Conjunctive normal form (FNC)
- A literal is a propositional variable or its negation
- $p, \neg q$ are literals
- $\neg \neg p, p \vee p$ are not literals
- A clause is a disjunction of literals
- $p, \neg p, p \vee \neg q$ are clauses
- $\neg(p \vee q), p \wedge q, (\neg \neg p) \vee q$ are not clauses
- A conjunctive normal form is a conjunction of clauses
- $p, \neg p, p \vee \neg q, \neg p \wedge q, (p \vee q) \wedge r \wedge (p \vee r)$ are FNC
- $\neg (p \wedge q), (\neg \neg p) \wedge q$ are not FNC
You can write any formula in FNC.
But be careful.
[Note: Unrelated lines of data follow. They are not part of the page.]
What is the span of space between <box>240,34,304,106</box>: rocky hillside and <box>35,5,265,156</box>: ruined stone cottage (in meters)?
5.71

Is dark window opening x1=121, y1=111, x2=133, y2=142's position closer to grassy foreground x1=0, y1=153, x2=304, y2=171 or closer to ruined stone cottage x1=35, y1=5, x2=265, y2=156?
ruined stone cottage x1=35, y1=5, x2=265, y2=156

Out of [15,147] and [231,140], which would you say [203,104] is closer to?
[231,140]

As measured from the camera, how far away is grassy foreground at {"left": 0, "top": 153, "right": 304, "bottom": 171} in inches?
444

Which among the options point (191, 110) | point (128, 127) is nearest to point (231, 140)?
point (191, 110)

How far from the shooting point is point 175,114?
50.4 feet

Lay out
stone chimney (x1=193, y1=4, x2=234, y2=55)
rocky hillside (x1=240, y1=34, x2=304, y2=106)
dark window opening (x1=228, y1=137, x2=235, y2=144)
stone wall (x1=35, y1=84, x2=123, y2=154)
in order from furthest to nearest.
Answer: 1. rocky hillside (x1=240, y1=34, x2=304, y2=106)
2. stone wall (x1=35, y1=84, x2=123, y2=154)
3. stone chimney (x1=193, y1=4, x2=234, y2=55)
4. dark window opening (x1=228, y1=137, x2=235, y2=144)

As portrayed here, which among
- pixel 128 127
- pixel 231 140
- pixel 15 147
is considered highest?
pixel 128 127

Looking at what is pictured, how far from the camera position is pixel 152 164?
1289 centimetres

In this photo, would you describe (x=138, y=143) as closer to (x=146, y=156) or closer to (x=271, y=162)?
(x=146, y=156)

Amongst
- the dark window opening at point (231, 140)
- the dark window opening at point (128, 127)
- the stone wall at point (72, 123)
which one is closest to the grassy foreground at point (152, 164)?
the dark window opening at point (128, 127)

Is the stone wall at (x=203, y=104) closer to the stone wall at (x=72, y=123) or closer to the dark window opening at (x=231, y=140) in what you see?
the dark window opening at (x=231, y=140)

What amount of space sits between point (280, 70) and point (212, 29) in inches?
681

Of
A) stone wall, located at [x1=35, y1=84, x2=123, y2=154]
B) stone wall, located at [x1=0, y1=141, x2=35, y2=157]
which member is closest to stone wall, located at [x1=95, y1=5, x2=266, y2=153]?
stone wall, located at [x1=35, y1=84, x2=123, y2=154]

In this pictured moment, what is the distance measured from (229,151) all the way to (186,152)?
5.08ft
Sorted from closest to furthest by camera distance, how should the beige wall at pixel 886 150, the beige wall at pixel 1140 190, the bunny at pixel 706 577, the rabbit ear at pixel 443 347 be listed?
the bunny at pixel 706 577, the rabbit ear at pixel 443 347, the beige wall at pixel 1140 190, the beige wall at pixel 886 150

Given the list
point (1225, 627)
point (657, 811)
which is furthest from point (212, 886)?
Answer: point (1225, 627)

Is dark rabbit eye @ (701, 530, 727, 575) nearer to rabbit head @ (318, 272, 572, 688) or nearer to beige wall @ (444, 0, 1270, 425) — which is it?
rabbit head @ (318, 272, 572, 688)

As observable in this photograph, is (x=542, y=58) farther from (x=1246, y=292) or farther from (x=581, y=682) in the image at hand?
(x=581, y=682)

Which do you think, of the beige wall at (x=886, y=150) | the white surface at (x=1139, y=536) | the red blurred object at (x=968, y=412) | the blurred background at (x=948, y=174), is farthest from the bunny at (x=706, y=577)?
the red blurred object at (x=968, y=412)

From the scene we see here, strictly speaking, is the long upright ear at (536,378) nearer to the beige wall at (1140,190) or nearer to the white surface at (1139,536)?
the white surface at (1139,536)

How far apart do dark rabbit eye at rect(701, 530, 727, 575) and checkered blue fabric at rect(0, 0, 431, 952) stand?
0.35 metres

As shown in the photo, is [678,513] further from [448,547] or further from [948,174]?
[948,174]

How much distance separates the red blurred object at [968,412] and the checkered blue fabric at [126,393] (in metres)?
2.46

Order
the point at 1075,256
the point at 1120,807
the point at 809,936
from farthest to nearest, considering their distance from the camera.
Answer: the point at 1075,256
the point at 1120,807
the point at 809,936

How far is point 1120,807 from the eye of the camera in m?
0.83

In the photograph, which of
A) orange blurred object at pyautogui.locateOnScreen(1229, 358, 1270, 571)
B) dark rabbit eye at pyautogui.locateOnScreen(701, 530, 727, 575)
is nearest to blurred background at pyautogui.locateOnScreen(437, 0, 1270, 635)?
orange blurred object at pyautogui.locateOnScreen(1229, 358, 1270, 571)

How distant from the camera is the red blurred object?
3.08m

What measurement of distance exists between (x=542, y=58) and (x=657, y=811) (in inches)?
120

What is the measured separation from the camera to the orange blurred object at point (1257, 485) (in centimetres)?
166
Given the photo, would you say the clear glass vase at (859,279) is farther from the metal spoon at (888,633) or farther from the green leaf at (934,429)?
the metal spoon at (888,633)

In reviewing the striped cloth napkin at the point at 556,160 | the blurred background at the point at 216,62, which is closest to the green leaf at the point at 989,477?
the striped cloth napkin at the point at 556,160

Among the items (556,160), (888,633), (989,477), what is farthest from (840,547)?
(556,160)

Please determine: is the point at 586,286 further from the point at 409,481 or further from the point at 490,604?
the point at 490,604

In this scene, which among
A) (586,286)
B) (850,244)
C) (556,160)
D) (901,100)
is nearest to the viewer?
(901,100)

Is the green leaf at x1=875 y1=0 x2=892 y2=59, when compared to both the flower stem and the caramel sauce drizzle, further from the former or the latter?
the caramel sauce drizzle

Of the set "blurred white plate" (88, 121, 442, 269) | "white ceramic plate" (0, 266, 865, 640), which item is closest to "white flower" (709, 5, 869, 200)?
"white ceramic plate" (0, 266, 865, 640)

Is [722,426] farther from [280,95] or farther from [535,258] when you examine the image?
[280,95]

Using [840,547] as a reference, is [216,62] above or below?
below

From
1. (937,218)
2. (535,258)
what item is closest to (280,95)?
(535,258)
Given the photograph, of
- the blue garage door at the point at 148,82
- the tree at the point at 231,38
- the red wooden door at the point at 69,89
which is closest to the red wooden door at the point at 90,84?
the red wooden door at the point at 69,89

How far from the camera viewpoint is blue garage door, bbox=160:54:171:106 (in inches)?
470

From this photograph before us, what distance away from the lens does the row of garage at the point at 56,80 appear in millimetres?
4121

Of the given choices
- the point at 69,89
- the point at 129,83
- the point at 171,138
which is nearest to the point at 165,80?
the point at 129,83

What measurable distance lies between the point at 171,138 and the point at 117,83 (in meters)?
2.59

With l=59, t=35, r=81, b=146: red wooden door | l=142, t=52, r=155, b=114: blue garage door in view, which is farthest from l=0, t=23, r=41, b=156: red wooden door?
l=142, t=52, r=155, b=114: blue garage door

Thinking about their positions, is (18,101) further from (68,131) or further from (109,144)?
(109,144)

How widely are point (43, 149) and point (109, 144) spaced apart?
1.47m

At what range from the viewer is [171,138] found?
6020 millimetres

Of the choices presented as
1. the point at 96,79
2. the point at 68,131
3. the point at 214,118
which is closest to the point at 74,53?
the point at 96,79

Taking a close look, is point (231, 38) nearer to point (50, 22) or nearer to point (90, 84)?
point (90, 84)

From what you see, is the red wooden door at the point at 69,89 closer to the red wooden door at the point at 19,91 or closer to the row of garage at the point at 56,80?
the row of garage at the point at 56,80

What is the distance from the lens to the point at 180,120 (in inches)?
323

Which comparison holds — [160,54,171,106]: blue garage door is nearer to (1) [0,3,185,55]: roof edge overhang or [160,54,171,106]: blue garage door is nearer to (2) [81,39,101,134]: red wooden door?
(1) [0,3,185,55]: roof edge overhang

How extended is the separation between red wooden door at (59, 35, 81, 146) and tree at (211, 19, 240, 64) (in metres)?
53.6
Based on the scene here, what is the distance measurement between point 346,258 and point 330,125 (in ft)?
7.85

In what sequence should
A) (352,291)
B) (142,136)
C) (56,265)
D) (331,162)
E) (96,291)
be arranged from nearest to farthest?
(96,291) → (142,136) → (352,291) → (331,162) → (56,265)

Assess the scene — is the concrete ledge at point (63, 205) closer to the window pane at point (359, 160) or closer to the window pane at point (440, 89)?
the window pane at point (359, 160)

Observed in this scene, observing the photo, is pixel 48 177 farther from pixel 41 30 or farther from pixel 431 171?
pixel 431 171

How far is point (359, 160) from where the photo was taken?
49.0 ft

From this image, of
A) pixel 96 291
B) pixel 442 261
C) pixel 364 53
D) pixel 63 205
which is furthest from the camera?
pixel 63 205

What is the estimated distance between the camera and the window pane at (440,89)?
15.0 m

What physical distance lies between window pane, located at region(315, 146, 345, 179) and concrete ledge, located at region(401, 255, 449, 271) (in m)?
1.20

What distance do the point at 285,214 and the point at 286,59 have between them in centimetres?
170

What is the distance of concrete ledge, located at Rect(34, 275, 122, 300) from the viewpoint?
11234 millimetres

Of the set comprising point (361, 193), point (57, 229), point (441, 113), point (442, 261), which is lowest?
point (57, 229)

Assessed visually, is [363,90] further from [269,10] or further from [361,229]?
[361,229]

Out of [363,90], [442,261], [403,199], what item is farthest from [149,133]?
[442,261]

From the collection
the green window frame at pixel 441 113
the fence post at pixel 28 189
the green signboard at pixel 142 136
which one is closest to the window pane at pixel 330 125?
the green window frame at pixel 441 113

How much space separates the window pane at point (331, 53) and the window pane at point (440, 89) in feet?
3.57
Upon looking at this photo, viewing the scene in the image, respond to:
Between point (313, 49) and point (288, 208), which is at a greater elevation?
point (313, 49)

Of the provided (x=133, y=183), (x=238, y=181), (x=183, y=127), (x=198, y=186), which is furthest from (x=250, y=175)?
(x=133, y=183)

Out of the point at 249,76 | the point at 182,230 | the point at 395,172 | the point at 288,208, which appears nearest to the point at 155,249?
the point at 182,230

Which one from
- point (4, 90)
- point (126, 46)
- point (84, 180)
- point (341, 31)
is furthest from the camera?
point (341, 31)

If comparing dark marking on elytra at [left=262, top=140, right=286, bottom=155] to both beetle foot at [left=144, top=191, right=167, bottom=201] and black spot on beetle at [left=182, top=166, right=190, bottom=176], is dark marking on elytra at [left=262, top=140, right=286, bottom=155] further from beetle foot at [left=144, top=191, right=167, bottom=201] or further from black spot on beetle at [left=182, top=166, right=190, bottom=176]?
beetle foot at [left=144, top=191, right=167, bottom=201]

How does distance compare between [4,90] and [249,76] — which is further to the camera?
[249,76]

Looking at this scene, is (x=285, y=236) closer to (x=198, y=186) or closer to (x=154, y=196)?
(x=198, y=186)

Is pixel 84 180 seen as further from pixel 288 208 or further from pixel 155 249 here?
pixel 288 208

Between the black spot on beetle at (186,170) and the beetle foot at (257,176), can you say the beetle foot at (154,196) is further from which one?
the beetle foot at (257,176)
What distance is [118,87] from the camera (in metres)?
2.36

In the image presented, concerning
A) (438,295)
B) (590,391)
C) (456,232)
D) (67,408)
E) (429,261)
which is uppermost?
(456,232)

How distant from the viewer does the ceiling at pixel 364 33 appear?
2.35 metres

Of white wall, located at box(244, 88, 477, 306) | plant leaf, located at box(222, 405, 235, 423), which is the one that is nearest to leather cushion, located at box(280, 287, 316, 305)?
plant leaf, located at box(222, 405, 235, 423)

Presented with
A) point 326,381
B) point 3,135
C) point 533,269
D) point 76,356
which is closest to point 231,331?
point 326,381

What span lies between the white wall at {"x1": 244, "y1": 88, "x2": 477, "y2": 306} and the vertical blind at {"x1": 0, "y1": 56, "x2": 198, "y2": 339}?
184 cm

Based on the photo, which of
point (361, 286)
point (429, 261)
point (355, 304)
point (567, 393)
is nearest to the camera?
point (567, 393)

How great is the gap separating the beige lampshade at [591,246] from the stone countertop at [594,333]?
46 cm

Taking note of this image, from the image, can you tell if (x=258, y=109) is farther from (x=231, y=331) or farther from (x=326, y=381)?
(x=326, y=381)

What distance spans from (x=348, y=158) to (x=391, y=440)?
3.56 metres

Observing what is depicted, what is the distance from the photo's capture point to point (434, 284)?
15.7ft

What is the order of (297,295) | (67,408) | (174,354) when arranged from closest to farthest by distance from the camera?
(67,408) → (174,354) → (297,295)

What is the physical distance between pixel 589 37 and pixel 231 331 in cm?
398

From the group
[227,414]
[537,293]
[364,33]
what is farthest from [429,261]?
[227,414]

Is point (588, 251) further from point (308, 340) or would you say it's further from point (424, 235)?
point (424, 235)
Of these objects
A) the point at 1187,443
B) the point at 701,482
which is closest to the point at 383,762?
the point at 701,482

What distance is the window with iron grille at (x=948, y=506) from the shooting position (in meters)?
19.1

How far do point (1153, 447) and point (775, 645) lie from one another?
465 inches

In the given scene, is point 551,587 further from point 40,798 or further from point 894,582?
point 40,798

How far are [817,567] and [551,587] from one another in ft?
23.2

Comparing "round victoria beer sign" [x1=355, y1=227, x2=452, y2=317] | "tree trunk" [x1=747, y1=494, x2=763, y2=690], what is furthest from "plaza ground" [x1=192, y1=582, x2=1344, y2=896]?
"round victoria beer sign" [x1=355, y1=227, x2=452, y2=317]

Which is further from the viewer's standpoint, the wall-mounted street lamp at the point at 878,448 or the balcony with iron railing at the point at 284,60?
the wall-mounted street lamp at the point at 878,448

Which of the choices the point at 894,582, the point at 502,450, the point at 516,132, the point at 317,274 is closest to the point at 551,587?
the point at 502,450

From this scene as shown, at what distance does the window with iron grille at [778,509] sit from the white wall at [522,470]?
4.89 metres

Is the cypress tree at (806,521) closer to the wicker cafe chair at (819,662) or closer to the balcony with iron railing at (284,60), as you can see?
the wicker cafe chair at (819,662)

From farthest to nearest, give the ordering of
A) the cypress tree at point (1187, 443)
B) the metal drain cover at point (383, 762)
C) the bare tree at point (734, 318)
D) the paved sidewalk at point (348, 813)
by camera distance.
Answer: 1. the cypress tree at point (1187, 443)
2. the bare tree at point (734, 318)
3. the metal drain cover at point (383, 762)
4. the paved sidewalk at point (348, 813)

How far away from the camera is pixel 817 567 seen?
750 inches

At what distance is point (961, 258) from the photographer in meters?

You have, in order, to:
- remove all $\bot$ using for example the equivalent $p \wedge \neg p$
- replace all implications with its equivalent.
- place directly all negations in variables using the equivalents:
- $\neg \neg F \equiv F$
- $\neg (F\wedge G) \equiv \neg F \vee \neg G$
- $\neg (F\vee G) \equiv \neg F \wedge \neg G$
- place all conjunction in first using the equivalent $F \vee (G \wedge H) \equiv (F \vee G) \wedge (F \vee H)$
There is also DNF which stands for disjunctive normal form: instead of putting the conjunction in first, you place the disjunctions. So a DNF is a disjunction of conjunction of literals. Yet, DNF is not much employed.